2 Name: Anonymous : 2013-11-29 20:23
This is an interesting question!

Okay, so, first we want to figure out where these domains are coming from. There's no UN body that decides this stuff (although the ITU wants to take it over). Instead, a non-profit organization called ICANN runs the central Domain Name System servers and decides who gets what IP addresses and top-level domains. The internet was born as a US military research project, and as it grew into its own the US government handed off those responsibilities to a third party, ICANN, which is supposed to represent all the stakeholders of the internet in a fair, neutral way.

So is it ICANN deciding this? Nope. They don't handle the day-to-day operation of each top-level domain. Instead, they contract each TLD out to a registry. The national TLDs are selected in cooperation with the national governments, since the entire point of the national TLDs is that they're subject to local laws and such. The other TLDs are handled with long-term contracts decided on through competition.

So is these registrars? Yep, a little of them and a little of the national governments. The registrars typically decide on their own policies, including prices, who's allowed to buy a domain, and what names you can get, although some governments also dictate policies through statute law or civil service directive. The considerations that go into pricing for each individual registrar are the typical economic ones, based on their particular market. Remember as an international domain shopper, you're in the minority, most country domains are bought by local residents.

Most big registrars don't sell directly, but they license retail sales to smaller subregistrars, which is who you're typically buying from.
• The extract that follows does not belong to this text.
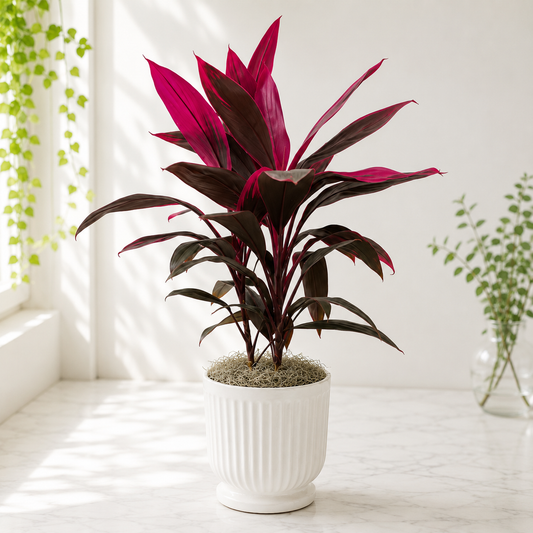 Hawaiian Ti Plant in White Ceramic Pot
Because they're totally fungible (getting a .com from GoDaddy and a .com from gandi.net is about the same), the price tends to drift towards the cost the subregistrar pays per domain.

As an owner of a .is I want to add that if you get within 45 days of your domain name expiring without renewing, they send you paper mail by air from Iceland. I kept the fancy stationary envelope with the REYKJAVIK ÍSLANDSPÓSTUR prepaid mail stamp because how neat is that?